Carta 10

Meu caro Amigo Boal,

 

Espero que esta carta encontre você bem e feliz.

Me perdoe, por favor, se eu não lhe faço uma visita, se eu não estou te atualizando com as notícias do lado de cá. A coisa aqui tá preta! O correio anda arisco, muito fake news. Até as cartas estão sujeitas a serem contaminadas pelo Covid-19, ele é um vírus destruidor, nasceu na China e virou uma pandemia. Aqui, além desse, também temos um outro problema. O Indigníssimo Presidente da República. O momento político é confuso, o governo está dominando tudo, blindando a família miliciana dele. O Ministro da Saúde foi demitido em plena pandemia pelo fato das ideias dos dois divergir, um pedindo para ficar em casa e o outro pedindo para sair e vida normal que segue, é só uma gripezinha. O Ministro da Justiça pediu demissão antes de ser demitido e denunciou o Presidente da República seu interesse e participação nas investigações da Polícia Federal, tudo isso para blindar o submundo dos seus filhinhos. Estamos querendo fazer um Teatro Jornal sobre essa matéria para que algumas pessoas consigam enxergar tal golpe na democracia. Mesmo que a evidência salta aos olhos, há quem não perceba que o Brasil está cada vez mais dominado pelos caprichos da referida autoridade. Não podemos nem fazer as Ações Diretas devidos as aglomerações, temos que manter o distanciamento social. Tempos difíceis.
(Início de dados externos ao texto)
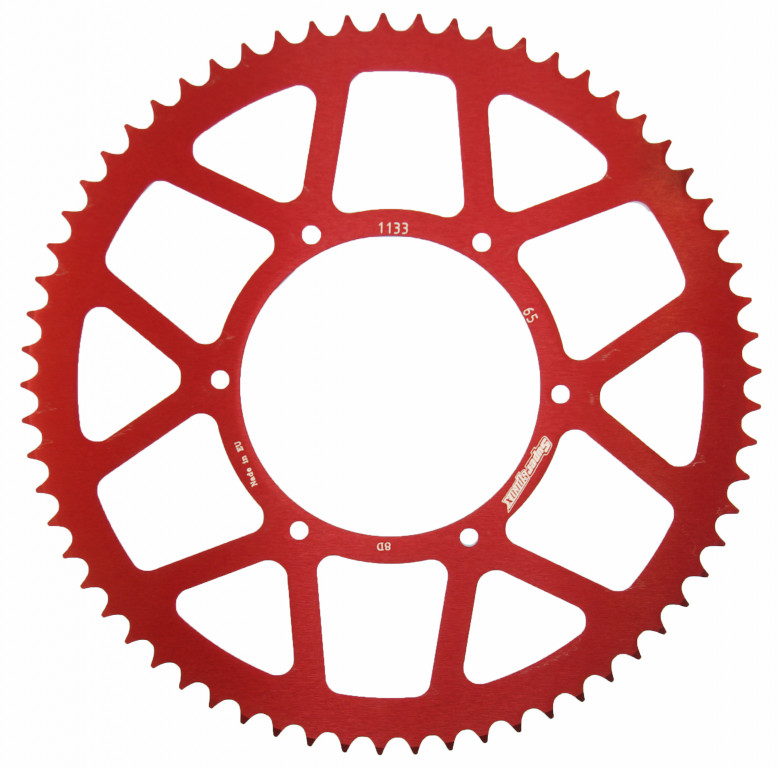 Rear ALU sprocket SUPERSPROX RAL-1133:65-RED crven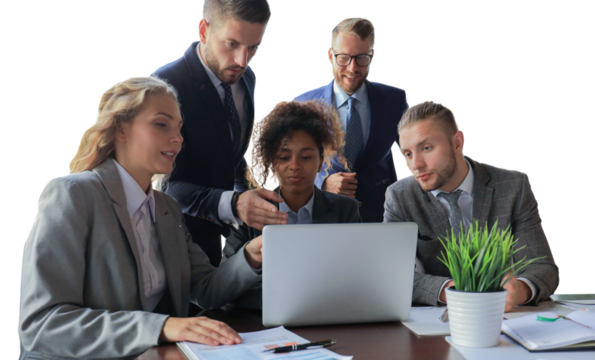 Group of young modern people in formalwear smiling and discussing something while working on a transparent background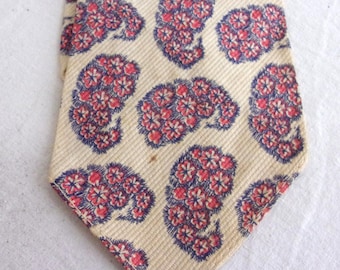 Vintage 1930s Necktie Paisley Print Cream Red Blue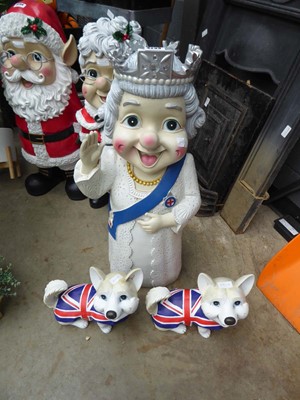 Lot 4233 - Large garden gnome ornaments of the Queen with...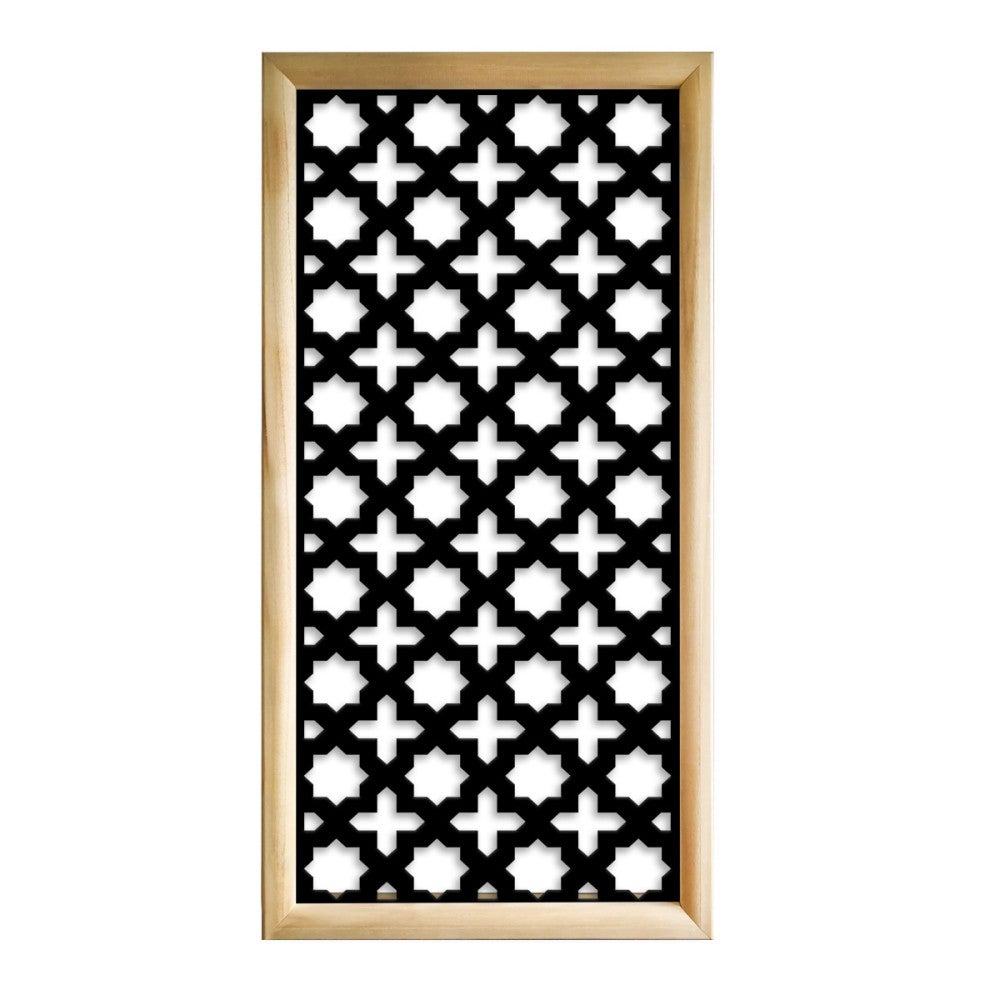 CROSS - Prostokątne moduły dekoracyjne z drewna i PVC - Rozmiar 73x148 cm - Grubość 64 mm - Kolor wewnętrzny CZARNY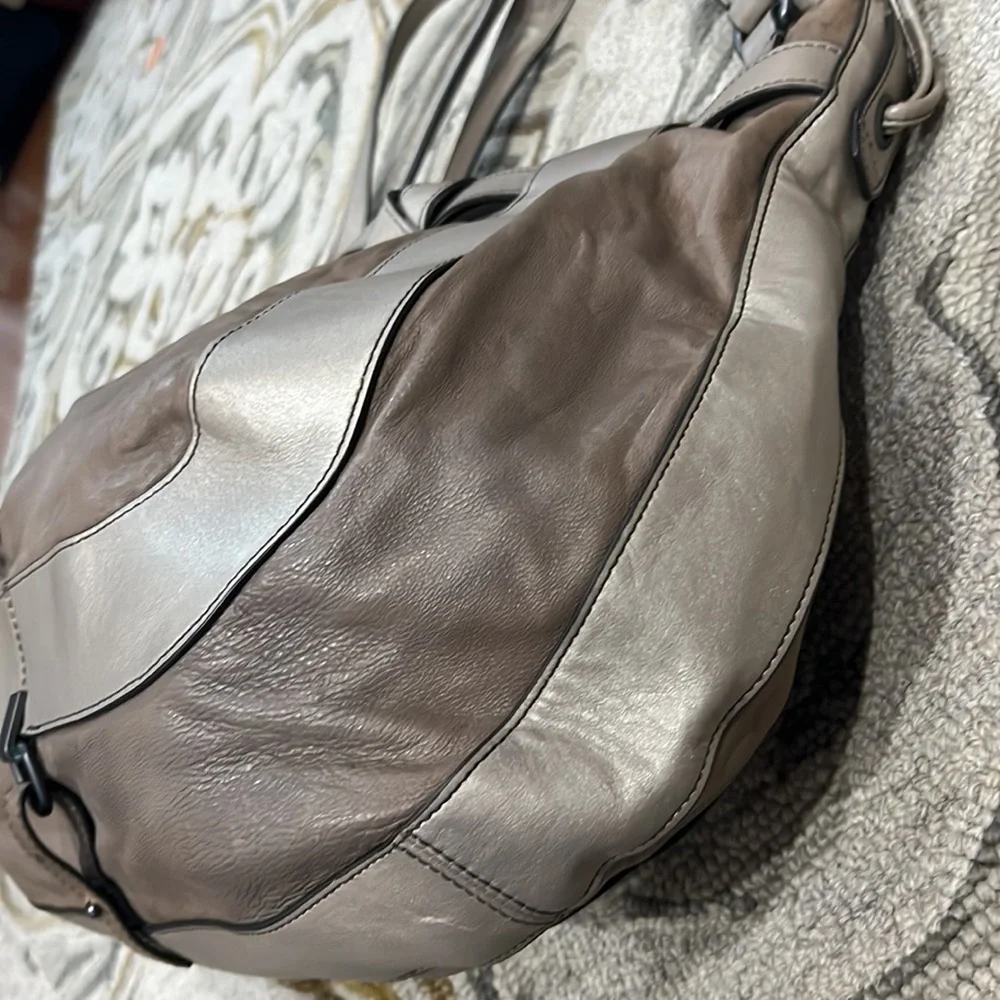 💕 Kooba taupe gray silver soft leather x large satchel shoulder bag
Tive uma aula com o Prof. Dr. Rafael Litvin Villas Bôas da UnB falando sobre o Terra em Cena e com a nossa amiga e multiplicadora Silvia do CTO. Quanto diálogo amoroso, quanta troca. Ainda bem, sem isso ninguém segura esse rojão. Combinamos de multiplicar juntas. Estamos com planos e projetos. Estes depois te conto e uma carta única. Tenho feito muitas multiplicações com o Teatro do Oprimido nas escolas para combater o bullying e outros tipos de opressão, para desenvolver neles a solidariedade e a empatia. Estou buscando um espaço estético com um espelho de aumento que revela comportamentos dissimulados, inconscientes e ocultos.  Dia desses, na reunião de pais e na Festa da Família trabalhamos com temas de professores que batiam em seus alunos e pais em seus filhos. Fizemos dinâmicas e jogos, e também o Teatro Fórum. Meu caro amigo, você nem pode imaginar, tivemos pais e alunos spect-atores, revelamos pensamentos e desejos, descobrimos opressões e violência doméstica. Quando abrimos o fórum, o silêncio, e depois, as discussões profundas derrubando muros. A visão teatral de suas opressões envergonhava os opressores e, a muitos, transformava, vimos muitas máscaras sociais caindo. Foi um processo. Usamos o plano geral de conversão do espectador em ator do TO, dentro das quatro etapas: conhecimento do corpo, tornar o corpo expressivo, teatro como linguagem e teatro como discurso. Isso lindo todo processo, pungente. Lá na escola, os meus alunos estão maravilhados com os jogos, eles estão ajudando na desmecanização daqueles corpos e mentes. São alunos espetaculares, transformadores. Estão mais focados nos estudos e responsabilidades. Como você mesmo diz, o teatro deve ser um ensaio para a ação na vida real, e não um fim em si mesmo. Fico muito honrada em ser sua amiga e multiplicadora.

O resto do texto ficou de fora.